## [DATA SUPPLIED]
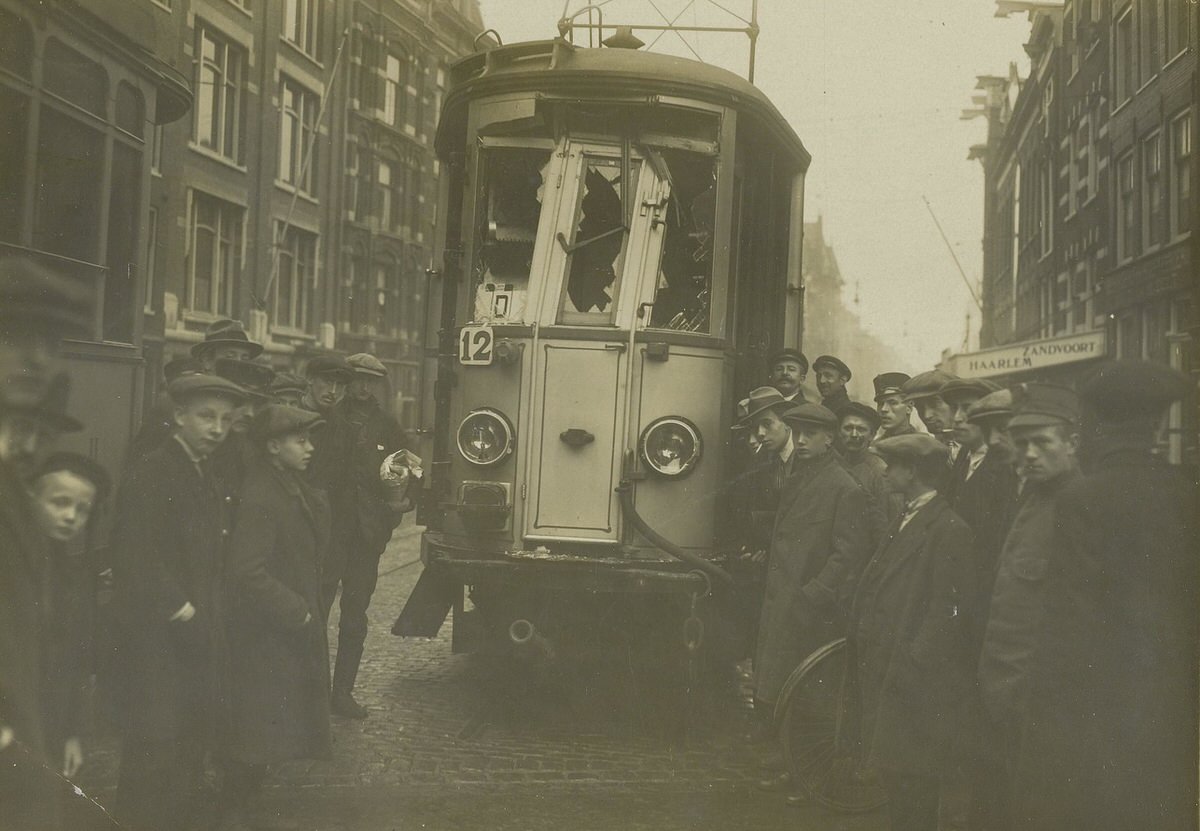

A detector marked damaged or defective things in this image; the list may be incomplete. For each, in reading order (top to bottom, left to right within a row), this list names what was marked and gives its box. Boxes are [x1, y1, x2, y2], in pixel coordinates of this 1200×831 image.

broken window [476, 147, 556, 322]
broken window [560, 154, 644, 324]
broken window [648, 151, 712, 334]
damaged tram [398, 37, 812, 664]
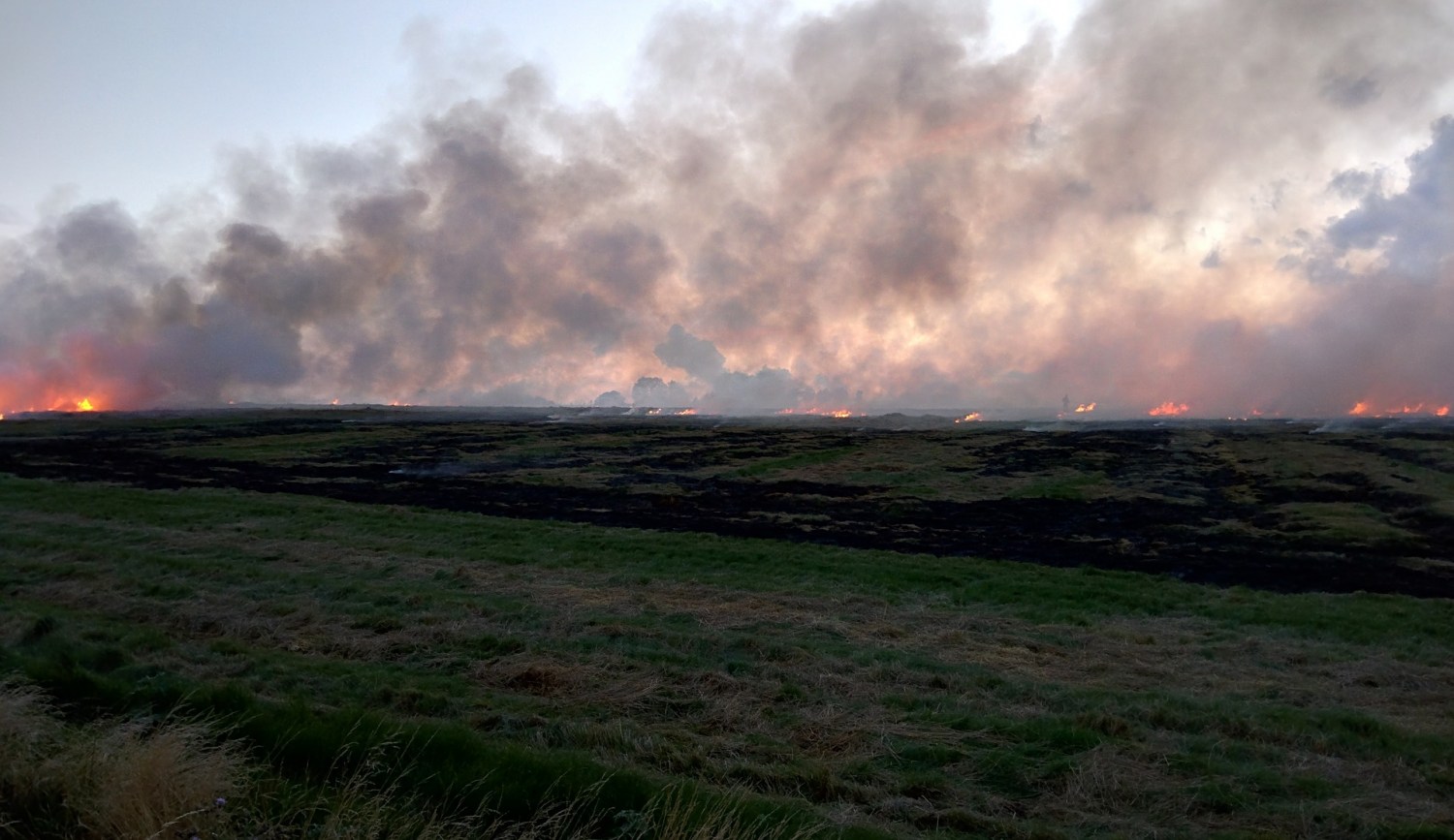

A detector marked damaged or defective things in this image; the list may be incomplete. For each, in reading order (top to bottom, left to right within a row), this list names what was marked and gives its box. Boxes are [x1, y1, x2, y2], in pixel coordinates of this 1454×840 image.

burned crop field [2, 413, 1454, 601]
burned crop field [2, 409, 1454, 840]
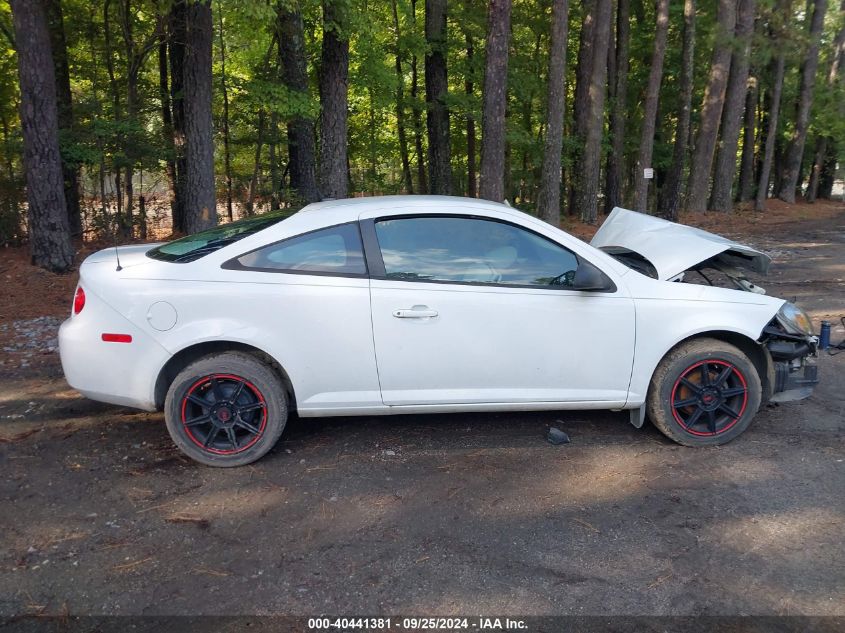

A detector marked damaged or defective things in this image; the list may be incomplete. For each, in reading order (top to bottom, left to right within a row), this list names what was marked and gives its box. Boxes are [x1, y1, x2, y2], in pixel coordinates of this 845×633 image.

## [EXERCISE AIM]
Print the listing exactly, minus any pictures.

## [EXERCISE RESULT]
A detector marked damaged or defective things in this image; the list may be incomplete. For each, in reading order (top to bottom, left to right within a row), this list names what was marked and gives its box. Boxes are [x1, y1, x2, y2], in pixel coordinates of this 1200×831 image.

broken window [476, 147, 556, 322]
broken window [560, 154, 644, 324]
broken window [648, 151, 712, 334]
damaged tram [398, 37, 812, 664]

A detector marked damaged or defective things in this image; the list may be incomplete. For each, in reading order (top to bottom, left to right within a row), this list names what was marked and gives its box. Boxes are [x1, y1, x2, y2], in pixel coordinates of this 1454×840 image.

burned crop field [2, 413, 1454, 601]
burned crop field [2, 409, 1454, 840]

A detector marked damaged or defective things in this image; the list may be incomplete. For each, in reading order (top to bottom, left to right within a row), this list names what was marked and gives its box. Boxes are [x1, y1, x2, y2], in pixel coordinates of this 845×633 image.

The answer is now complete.